Mainly that’s because of the emphasis in the Raleigh News & Observer story on one particular quote in the company’s announcement:

“Our current system, with each newsroom operating separately from the others, discourages cooperation in favor of competition and duplication,” the company said in announcing the changes. “By working together, we will marshal all the resources and talents and expertise from each region, and across the company, to produce local journalism that is ever more essential to the communities we serve.”

Any veteran of the former Media General newspapers, among some others, would recognize that description of working together to marshal regional resources and talent. Such a thing used to be called synergy. It’s hardly a new concept, and the word hasn’t been in favor for at least 10 years. Even if that’s what was being described, McClatchy officials doubtless would dismiss the suggestion that it’s what was intended because it wouldn’t sit well with investors to revive a term that no one uses anymore.

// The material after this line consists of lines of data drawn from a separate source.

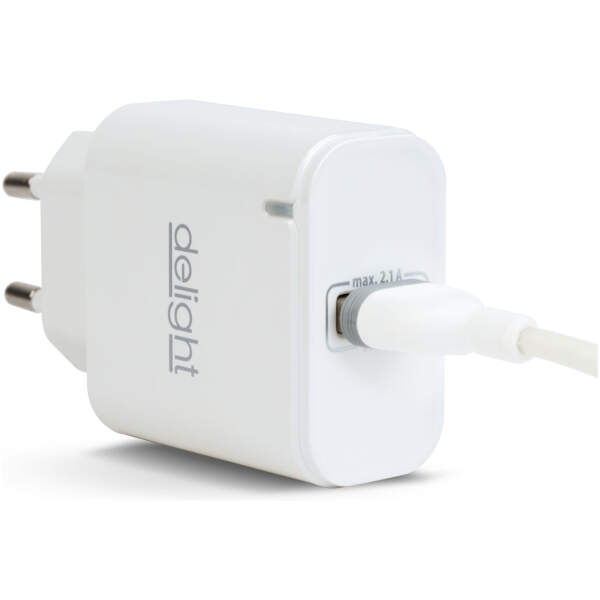 Afbeelding van USB-stroomadapter 1 Stuks [55045-1WH] - 01 55045 1WH web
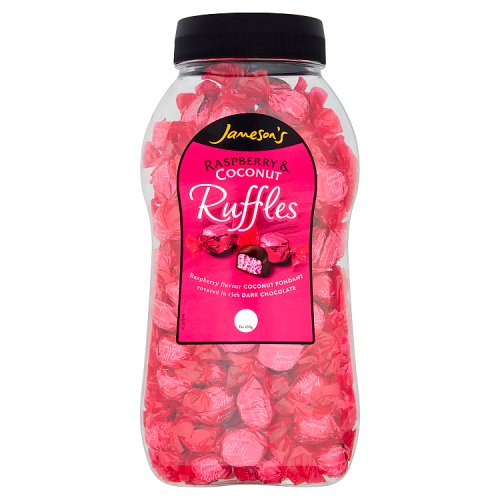 RASP RUFFLE JAR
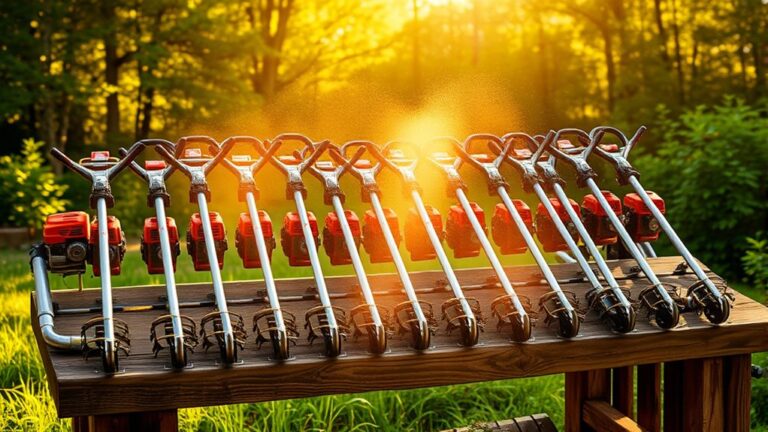 top heavy duty weed eaters
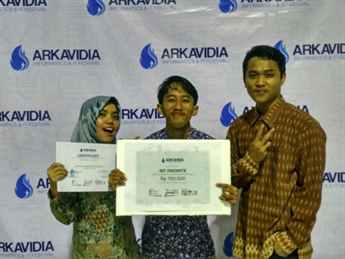 FRI Juara Favorit di Event Arkavidia ITB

Time will tell what McClatchy’s intent actually is, but I am hard-pressed to reconcile the talk of “competition and duplication” among its N.C. and S.C. properties with the company’s footprint. There aren’t that many properties, they don’t have that much overlap, and McClatchy already combined its page design and state capital reporting operations, or at least announced it had. Are the newsrooms still, to this day, so resistant to the idea of working together that management had to be shoved aside and new blood brought in? Or is the emphasis on that one paragraph misplaced — bad reporting? Or is it company misdirection?

It was just a few months ago that Poynter reported on McClatchy’s “reinvention teams,” which the company said at the time were “picking up the pace” of innovation.

But that’s what the new regional editors are supposed to do.

It’s hard to know where things are really going. I look forward to seeing what happens.